Golem is participating in a pilot project launched by Ontario's former Liberal government in April 2017. Single people earning less than $34,000 and couples earning under $48,000 were eligible to apply to receive basic income. Households get as much as $24,027 a year, depending on how many people the income supports and how much money is being earned through employment.

Golem made an off-hand comment about receiving basic income on Reddit and commenters asked her to do an Ask Me Anything post, or AMA, about the experience. The post got 10,000 comments and had her frantically answering questions for days.

"There were a lot of comments like, 'Oh so you just sit around and play video games all day?'" she said. "That's far from the case. A lot of people I've met are using the money to go to college, pursue their dreams and career, be able to start a new business. These people are putting that money back into society and the economy."

Photographer Jessie Golem has taken portraits of basic income recipients across Ontario.
Stephanie Sannuto/HuffPost Canada
Photographer Jessie Golem has taken portraits of basic income recipients across Ontario.

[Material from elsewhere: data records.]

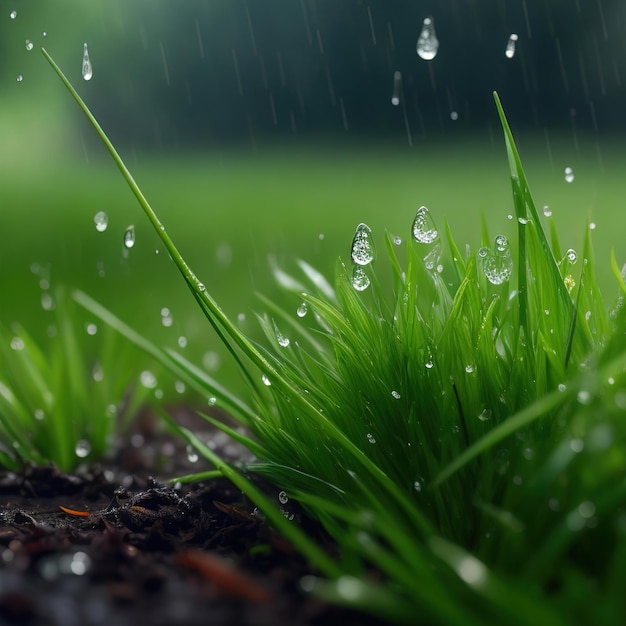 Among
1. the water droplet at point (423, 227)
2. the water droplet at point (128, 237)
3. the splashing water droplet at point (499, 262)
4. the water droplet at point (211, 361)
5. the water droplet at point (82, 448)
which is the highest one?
the water droplet at point (128, 237)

Golem's experience on Reddit gave her a first-hand look at an enduring problem in Canada: Prejudice against people in poverty. While Canadians on the whole are growing more supportive of aid programs for low-income people, a significant and steady minority hold a harsh, critical view of the poor.

In surveys carried out over the past two decades, there is a clear trend towards a more sympathetic view of poverty. In a 1999 Ipsos poll, 51 per cent of Canadians agreed that the poor became that way "mainly through no fault of their own." By 2018, in an Angus Reid survey, 72 per cent agreed that poor people got that way because of circumstances beyond their control.

But throughout these surveys taken across decades, some three in 10 Canadians have maintained that poverty is the result of one's own choices and actions, the result of a lack of effort on an individual's part.

"Certainly there is that core of people that do tend to believe poverty is an individual failure rather than the result of systemic causes," said Derek Cook, director of the Canadian Poverty Institute at Ambrose University in Alberta. "That's actually fairly consistent throughout history."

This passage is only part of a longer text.